Meredam puas, kendurkan jerat.

Wujud-wujud slavery kian beragam.
Perbudakan tak lagi sejelas, se eksplisit era awal peradaban. Bahkan kian bias hingga ke wujud perbudakan yang tak disadari.

Kenapa manusia melalui pakem religio diarahkan pada bercukup diri? Tak boleh berlebih. Kurang pun tak boleh. Kita diarahkan pada pola hidup sesuai dosis atau porsi kodrati kita.

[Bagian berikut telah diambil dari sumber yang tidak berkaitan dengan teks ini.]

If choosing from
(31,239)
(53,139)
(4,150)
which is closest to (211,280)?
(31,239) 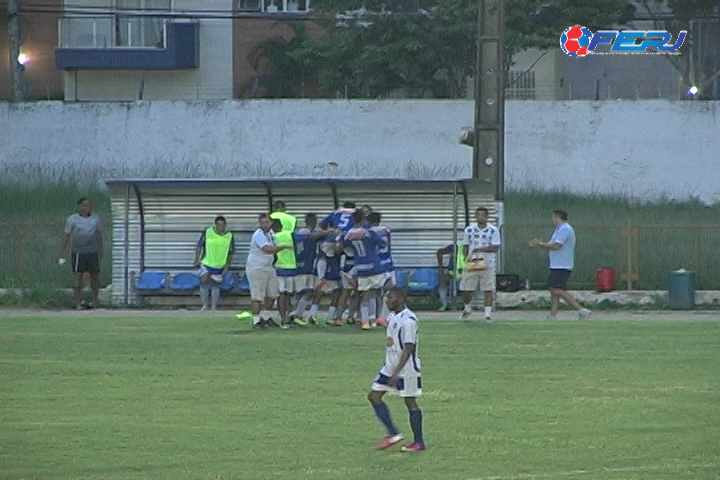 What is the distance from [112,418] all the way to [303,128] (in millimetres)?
29354

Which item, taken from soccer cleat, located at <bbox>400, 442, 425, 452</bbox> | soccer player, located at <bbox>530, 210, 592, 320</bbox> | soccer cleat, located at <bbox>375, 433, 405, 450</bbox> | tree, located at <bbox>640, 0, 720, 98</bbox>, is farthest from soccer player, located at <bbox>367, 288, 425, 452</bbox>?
tree, located at <bbox>640, 0, 720, 98</bbox>

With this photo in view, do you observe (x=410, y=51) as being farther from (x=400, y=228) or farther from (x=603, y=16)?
(x=400, y=228)

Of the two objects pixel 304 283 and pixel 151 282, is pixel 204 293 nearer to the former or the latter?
pixel 151 282

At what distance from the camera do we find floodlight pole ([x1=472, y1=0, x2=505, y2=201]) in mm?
29609

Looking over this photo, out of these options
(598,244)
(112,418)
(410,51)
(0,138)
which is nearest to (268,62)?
(410,51)

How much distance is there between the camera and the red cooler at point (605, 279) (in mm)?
30578

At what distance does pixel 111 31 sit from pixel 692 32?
1884 centimetres

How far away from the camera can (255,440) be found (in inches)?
557

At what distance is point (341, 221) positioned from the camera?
83.3ft

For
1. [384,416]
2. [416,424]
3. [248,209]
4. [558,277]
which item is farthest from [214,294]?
A: [416,424]

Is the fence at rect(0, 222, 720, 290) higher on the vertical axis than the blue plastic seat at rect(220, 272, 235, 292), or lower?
higher

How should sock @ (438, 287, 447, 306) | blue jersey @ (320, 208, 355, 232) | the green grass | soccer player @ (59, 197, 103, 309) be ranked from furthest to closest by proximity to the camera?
the green grass < soccer player @ (59, 197, 103, 309) < sock @ (438, 287, 447, 306) < blue jersey @ (320, 208, 355, 232)

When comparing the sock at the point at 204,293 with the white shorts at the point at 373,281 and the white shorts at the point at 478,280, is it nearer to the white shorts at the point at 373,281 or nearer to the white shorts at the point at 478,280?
the white shorts at the point at 478,280

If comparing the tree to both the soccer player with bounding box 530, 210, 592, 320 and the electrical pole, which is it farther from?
the soccer player with bounding box 530, 210, 592, 320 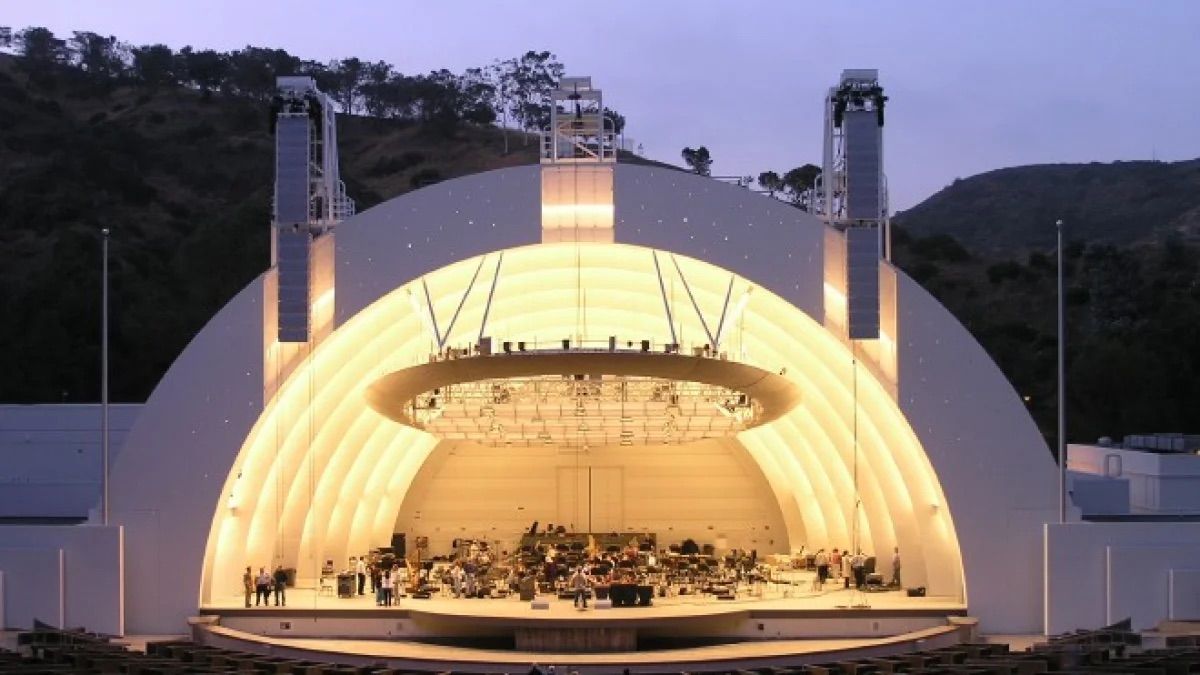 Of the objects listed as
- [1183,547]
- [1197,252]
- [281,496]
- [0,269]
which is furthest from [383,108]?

Itu semua karena, sekalinya kita melakoni pola hidup berlebihan, maka nafsu hewani kita akan meminta lebih banyak lagi, yang kemudian disebut dengan "Adiksi", ketergantungan, merasa membutuhkan dn bila tidak dipenuhi maka mentalnya down dengan segala macam efek samping yang lebih seringnya tak wajar.

Rela melakukan apapun untuk mendapatkannya, rela melalui proses apapun untuk memperolehnya. Rela menjadi apapun untuk memenuhinya, dengan tujuan untuk terpuasi.

Siapa bilang narkotika dan psikotropika beserta khamar saja yang merupakan zat adiktif? Bekerja pun adiktif, dipuji pun adiktif, belanja pun adiktif, segala hal itu berpotensi adiktif tak peduli itu baik atau buruk.

Dan segala sesuatu yang berujung memuaskan, itu adalah belenggu baru dari perbudakan. Hindari puas, maka kau longgarkan belenggu itu.

Kau bisa saja diperbudak cinta, diperbudak uang, diperbudak perfection, diperbudak nafsu, bila kau terus mencari puas, pemuas, dan kepuasan.

So, mari hindari dan stop pada "cukup", maka kau kendurkan jerat atas diperbudaknya dirimu oleh segala hal. Karena percayalah, mencari puas itu nyaris mustahil oleh sebab itu dia selalu meminta lebih, meminta lagi, dan tak tahu terimakasih.